When PostHog's enterprise customers couldn't load their Web Analytics dashboards due to billions of monthly events, the team turned to Dagster and transformed weekend manual backfills into automated, reliable pipelines that power customer-facing features at scale.
KEY RESULTS:
- No more weekend firefighting: Eliminated manual backfill monitoring and pod restarts that kept engineers working weekends on customer-facing features.
- Faster incident response: Cut troubleshooting time from days of debugging to hours with built-in observability and Slack-to-run linking.
- Enterprise-scale performance: Enabled Web Analytics dashboards to serve billions of monthly events to largest customers without timeouts or failures.
- Organic team adoption: Grew from 6 to 20 engineers using Dagster across multiple product teams in just 3 months.
- Rapid feature delivery: Reduced typical feature development cycles from 1-2 days down to same-day or next-day shipping.
The Challenge
PostHog builds developer tools that help product engineers ship successful products. Their Web Analytics feature offers a streamlined dashboard with essential metrics like visitors, views, sessions, bounce rate, and conversions. It's designed for early-stage founders, engineers, and technical marketers who need something more focused than full product analytics.
But there was a critical problem. PostHog’s customers were ingesting billions of events per month, and their Web Analytics dashboards were failing under the load. Queries were timing out, and dashboards were returning errors instead of insights. PostHog's customers were feeling the pain.
"Very large customers, which operate at billion-scale monthly events ingestion, they just couldn't use their web analytics dashboard," explained Lucas Ricoy, an engineer on the Web Analytics team at PostHog. "Slow or failed queries were a major pain point and directly affected users' experience on Web Analytics."
This wasn't some backend quirk the engineering team could ignore. Paying customers couldn't access a product they were paying for.
The team had built their data processing workflows using Django management commands and lightweight orchestration. This worked fine at a smaller scale, but as PostHog's customers grew, the infrastructure couldn't keep up.
Backfills were particularly brutal.

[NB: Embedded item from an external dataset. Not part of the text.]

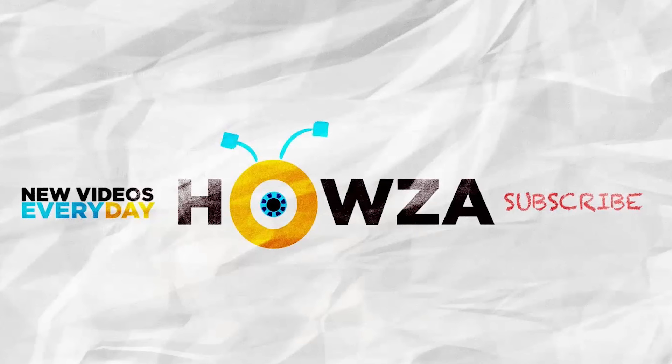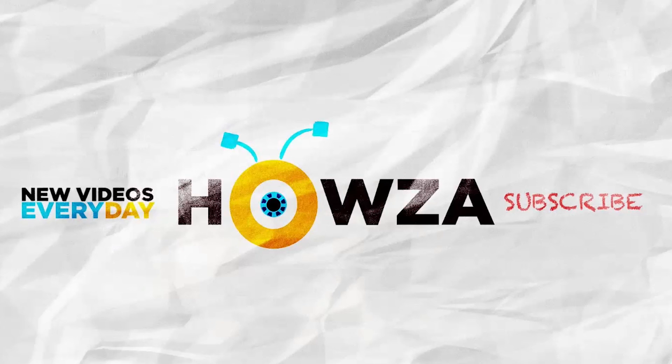That's it! Subscribe to our channel. We upload new tutorials every day. See ya!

Lucas's manager, Robbie, would kick off a backfill job over the weekend and then spend his time monitoring a Kubernetes pod to make sure it didn't crash. If the pod died, the entire backfill died with it. There was no retry logic, no state management, just manual restarts and crossed fingers.
"We basically had to keep the state in our heads while running them," Lucas said. "We could have improved them, but for the level of complexity, they were just not enough anymore."
The team had other options for orchestration. They could use Celery for task scheduling or Temporal for workflow management. But neither was built for the kind of data-intensive processing that powers a product feature at scale. They needed something designed specifically for data pipelines, with partitioning, backfills, and asset-based orchestration built in.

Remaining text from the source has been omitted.